We can now use the above dataframe to build the utility matrix for the recommendation system.

Feature Engineering
--------------------

In [7]:
# Building the utility matrix
def build_utility_matrix(df_tracks):
    cols = ['pid', 'track_uri']
    df_utility_matrix = df_tracks[cols]
    return df_utility_matrix

In [8]:
df_utility_matrix = build_utility_matrix(df_tracks)
df_utility_matrix.head()

Unnamed: 0,pid,track_uri
0,0,spotify:track:0UaMYEvWZi0ZqiDOoHU3YI
1,0,spotify:track:6I9VzXrHxO9rA9A5euc8Ak
2,0,spotify:track:0WqIKmW4BTrj3eJFmnCKMv
3,0,spotify:track:1AWQoqb9bSvzTjaLralEkT
4,0,spotify:track:1lzr43nnXAijIGYnCT8M8H


Model Architecture
------------------

In [10]:
class TorchEASE:
    def __init__(
        self, train, user_col="user_id", item_col="item_id", score_col=None, reg=0.05
    ):
        """

        :param train: Training DataFrame of user, item, score(optional) values
        :param user_col: Column name for users
        :param item_col: Column name for items
        :param score_col: Column name for scores. Implicit feedback otherwise
        :param reg: Regularization parameter
        """
        # Logging
        logging.basicConfig(
            format="%(asctime)s [%(levelname)s] %(name)s - %(message)s",
            level=logging.INFO,
            datefmt="%Y-%m-%d %H:%M:%S",
            stream=sys.stdout,
        ) 

        self.logger = logging.getLogger("notebook") 
        self.logger.info("Building user + item lookup") 
        
        #Regularization parameter
        self.reg = reg 

        # User and item columns
        self.user_col = user_col
        self.item_col = item_col

        self.user_id_col = user_col + "_id"
        self.item_id_col = item_col + "_id"

        
        self.user_lookup = self.generate_labels(train, self.user_col)
        self.item_lookup = self.generate_labels(train, self.item_col)

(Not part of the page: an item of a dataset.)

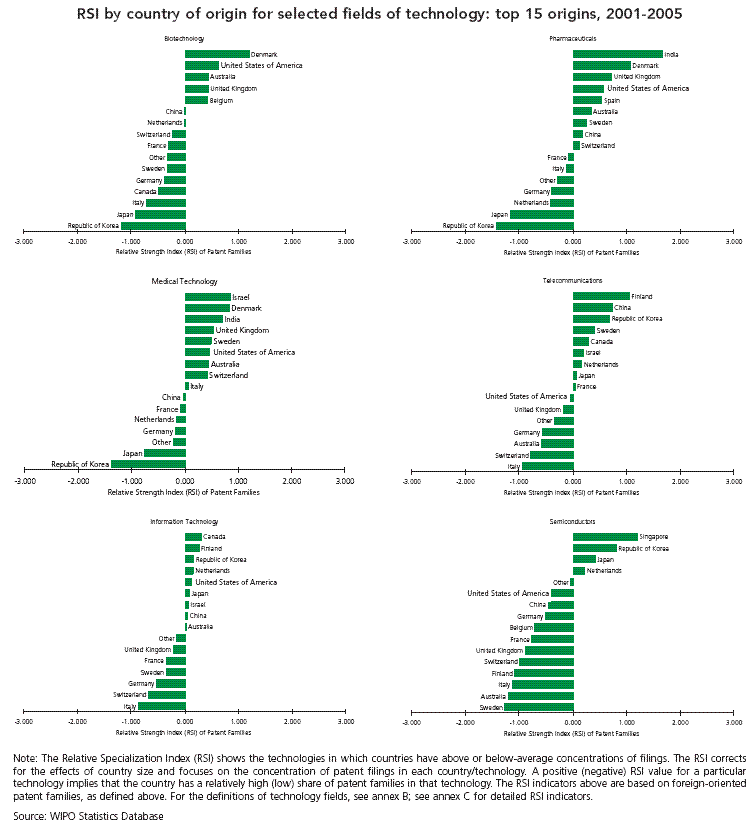 Patent specialisation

        # item_id -> item_index
        self.item_map = {} 
        self.logger.info("Building item hashmap")
        for _item, _item_id in self.item_lookup.values:
            self.item_map[_item_id] = _item
        
        train = pd.merge(train, self.user_lookup, on=[self.user_col])
        train = pd.merge(train, self.item_lookup, on=[self.item_col])
        self.logger.info("User + item lookup complete")
        self.indices = torch.LongTensor(
            train[[self.user_id_col, self.item_id_col]].values
        )

        if not score_col:
            # Implicit values only
            self.values = torch.ones(self.indices.shape[0])
        else:
            self.values = torch.FloatTensor(train[score_col])

        self.sparse = torch.sparse.FloatTensor(self.indices.t(), self.values)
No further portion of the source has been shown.